- Bangladesh / Sri Lanka
- Dates: 23 – 28 May 2021
- Captains: Tamim Iqbal / Kusal Perera

One Day International series
- Results: Bangladesh won the 3-match series 2–1
- Most runs: Mushfiqur Rahim (237) / Kusal Perera (164)
- Most wickets: Mehidy Hasan (7) / Dushmantha Chameera (9)
- Player of the series: Mushfiqur Rahim (Ban)

= Sri Lankan cricket team in Bangladesh in 2021 =

International cricket tour

The Sri Lanka cricket team toured Bangladesh in May 2021 to play three One Day International (ODI) matches. All of the matches took place at the Sher-e-Bangla National Cricket Stadium. The ODI series formed part of the inaugural 2020–2023 ICC Cricket World Cup Super League. Originally, the tour was scheduled to take place in December 2020. The Sri Lankan cricket team arrived in Bangladesh on 16 May 2021, following their two-match Test series in Sri Lanka.

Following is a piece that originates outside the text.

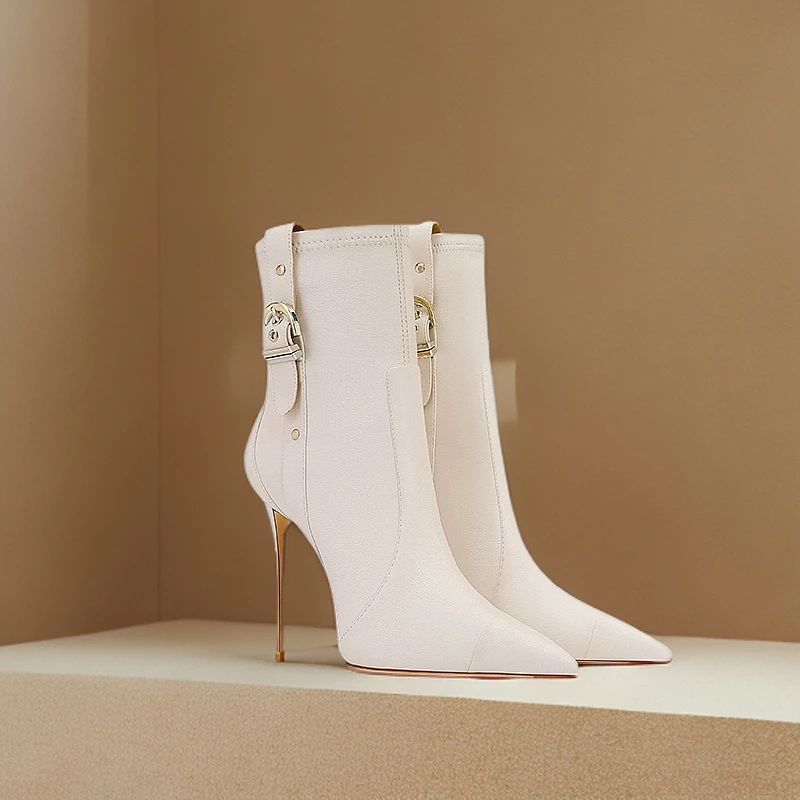 白色优雅尖头细跟高跟鞋女2025冬季新款轻奢气质高级小个子靴子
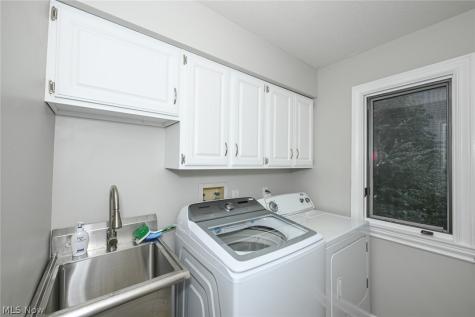 8465 Settlers Passage Brecksville OH 44141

Ahead of the tour, Kusal Perera was appointed as Sri Lanka's new ODI captain, replacing Dimuth Karunaratne.

Bangladesh won the first ODI by 33 runs. They also won the rain-affected second ODI by 103 runs, to take an unassailable lead in the series. It was Bangladesh's first bilateral series win against Sri Lanka. Sri Lanka won the third match by 97 runs with Bangladesh winning the series 2–1.

==Squads==

ODIs
| Bangladesh | Sri Lanka |
| Tamim Iqbal (c); Taskin Ahmed; Shakib Al Hasan; Litton Das; Mahedi Hasan; Mehidy Hasan; Afif Hossain; Mosaddek Hossain; Shoriful Islam; Mahmudullah; Mohammad Mithun; Mohammad Naim; Mushfiqur Rahim (wk); Mustafizur Rahman; Mohammad Saifuddin; Soumya Sarkar; | Kusal Perera (c, wk); Kusal Mendis (vc); Ashen Bandara; Dushmantha Chameera; Akila Dananjaya; Dhananjaya de Silva; Niroshan Dickwella; Asitha Fernando; Binura Fernando; Shiran Fernando; Danushka Gunathilaka; Wanindu Hasaranga; Chamika Karunaratne; Ramesh Mendis; Pathum Nissanka; Lakshan Sandakan; Dasun Shanaka; Isuru Udana; |

On 1 May 2021, Bangladesh named a preliminary squad of 23 players to begin training ahead of the series. Rubel Hossain and Hasan Mahmud, who were both named in the preliminary squad, were later ruled out of the ODI matches due to injuries. Mohammad Naim, Taijul Islam, Shohidul Islam and Aminul Islam were all named as standby players for Bangladesh, with Mohammad Naim being named in their squad for the third ODI.